I am studying the measure theory, and I am doing some exercises. Here is an exercise question. I have got the answer for it but I am confused about the answer. Let me first state the question, then give the proof from the solution, and then I will point out where I am confused.
Question:
Suppose $\{f_{n}\}$ is a sequence of real-valued functions in integrable on a set $A$ of finite measure. Show that if the sequence is uniformly convergent on $A$, then $$\lim_{n\rightarrow\infty}\int_{A}f_{n}=\int_{A}\lim_{n\rightarrow\infty}f_{n}$$
Proof:
Since $\{f_{n}\}$ is uniformly convergent on $A$, there is $n_{0}$ such that $|f_{n}(x)-f_{n_{0}}(x)|\leq 1$ for $n>n_{0}$ and $x\in A$. Thus $|f_{n}|\leq|f_{n_{0}}|+1$, and since $A$ is of the finite measure, $|f_{n_{0}}|+1$ is integrable on $A$. So we can apply Lebesgue Dominated Convergence Theorem.
My Questions:
1) In the proof, he used a definition of uniform convergence that I do not quite understand.

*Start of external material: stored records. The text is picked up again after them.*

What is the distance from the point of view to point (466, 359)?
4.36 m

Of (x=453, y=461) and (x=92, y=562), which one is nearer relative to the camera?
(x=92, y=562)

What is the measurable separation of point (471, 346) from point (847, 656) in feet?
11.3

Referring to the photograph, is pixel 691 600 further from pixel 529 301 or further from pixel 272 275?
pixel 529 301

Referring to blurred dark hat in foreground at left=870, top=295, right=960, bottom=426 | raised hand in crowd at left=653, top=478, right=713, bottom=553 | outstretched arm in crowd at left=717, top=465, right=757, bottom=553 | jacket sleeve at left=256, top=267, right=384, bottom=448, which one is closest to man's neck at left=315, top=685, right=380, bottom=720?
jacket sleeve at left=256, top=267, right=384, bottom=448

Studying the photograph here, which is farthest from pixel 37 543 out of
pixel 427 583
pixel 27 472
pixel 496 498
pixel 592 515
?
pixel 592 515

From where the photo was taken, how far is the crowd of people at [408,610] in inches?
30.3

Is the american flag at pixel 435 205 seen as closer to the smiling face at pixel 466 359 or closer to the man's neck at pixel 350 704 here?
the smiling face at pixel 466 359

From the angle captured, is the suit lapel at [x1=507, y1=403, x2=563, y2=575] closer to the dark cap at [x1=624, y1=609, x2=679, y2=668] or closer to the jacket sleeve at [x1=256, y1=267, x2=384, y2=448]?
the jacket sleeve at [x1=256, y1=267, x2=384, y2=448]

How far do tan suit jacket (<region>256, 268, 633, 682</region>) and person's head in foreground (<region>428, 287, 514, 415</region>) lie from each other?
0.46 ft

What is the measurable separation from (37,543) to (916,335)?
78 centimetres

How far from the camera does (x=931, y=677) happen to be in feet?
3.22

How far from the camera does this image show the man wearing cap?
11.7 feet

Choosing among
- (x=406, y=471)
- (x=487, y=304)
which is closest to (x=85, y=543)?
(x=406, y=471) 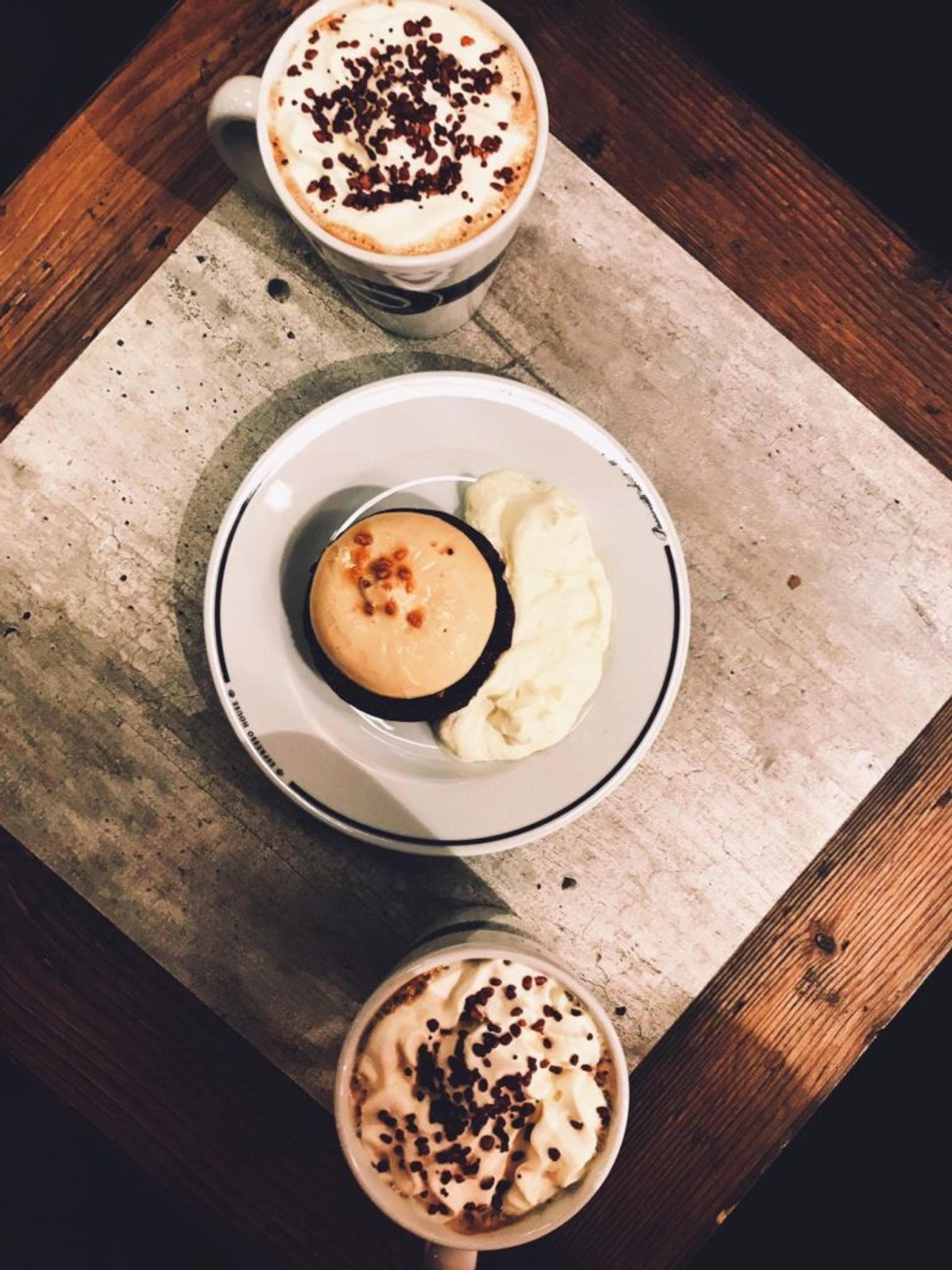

Usually, if I am not wrong, we use the definition: for all $\epsilon>0$, $\exists N=N(\epsilon)$, such that $|f_{n}(x)-f(x)|<\epsilon$ for all $n>N$ and $x\in A$. So my question here is that, how and why does the solution come out the $n_{0}$ in $f_{n_{0}}(x)$, why he used $1$ on the right side instead of $\epsilon$?
2) Even though we assume the first inequality --- $|f_{n}(x)-f_{n_{0}}(x)|\leq 1$, is right. Why does this inequality imply $|f_{n}|\leq|f_{n_{0}}|+1$?
3) Finally, why does the fact that $A$ is of finite measure can guarantee $|f_{n_{0}}|+1$ is integrable? For a non-negative function, we need pretty many other criterions to ensure it is integrable, right?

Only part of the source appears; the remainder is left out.